Fate is bullshit. Destiny doesn’t exist. If I want a happy ending, I’ll have to write it myself.



I find Mara poised in the middle of a balcony that rings the great hall. People in black swarm inside the house and then march out of it like ants. Mara has been pacing, tigerlike, between the two groups—I stuff the will and letter back in the envelope before I call out to her.

She rushes over. “Noah, I know who he is.” She notices the envelope in my hand. “What is that?”

“Shit my dad said, essentially.” The professor is rather a sore subject with us. “I’ll explain later. What happened?”

“So, after you and your grandmother left, I tried to find my way out of the house so I could go outside and see what was happening with the body, but this place is Labyrinth, and I never made it.” A look of clenched frustration, then a deep breath. “I was trying to get out of the house, and I ended up hitting a dead end—a staircase roped off with a little sign that said ‘private’ or whatever. Obviously, I stepped over it.”

“Obviously.”

“I ended up in this older part of the house—the rooms looked completely different,” she says, glancing behind her shoulder at the great hall. “I ended up under the stairs? Beneath the stairs?”
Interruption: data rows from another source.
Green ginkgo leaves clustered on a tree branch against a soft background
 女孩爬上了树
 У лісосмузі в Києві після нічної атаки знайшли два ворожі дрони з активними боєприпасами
“Below Stairs, do you mean?”

Her eyes light up. “Yes! Below Stairs. I ran into this complete caricature of an old English person who said his name was Bernard—he pronounced it Bernerd, by the way—”

“Naturally.”

“He works for some charity, I think—preservation, maybe?”

“The National Trust?”

“Maybe? I think he said something else. Anyway, he told me I wasn’t supposed to be down there, of course, and I played the dumb American.”

“Not very well, I imagine.”

Her mouth lifts into a half smile. “I start apologising, saying I got turned around, and that I was with you, and his eyes twinkled with this old-man-who-doesn’t-get-to-talk-to-anyone-but-today’s-his-lucky-day twinkle, and he pompously starts giving me a tour of ‘Below Stairs.’ Muttered something about rumours and ‘that boy.’ Right,” she says, nodding as she registers my expression. “He’s the first—maybe the only person I’ve met—to even mention him. So of course I ask, ‘What boy?’ And then he acts like he didn’t hear me, telling me hundred-year-old stories about maids catching your ancestors having affairs, whispering about whose children belonged to whom, instead.”

“But you kept on.”

“No one has ever been more interested in the shit Bernard has to say. As far as Bernard knows.”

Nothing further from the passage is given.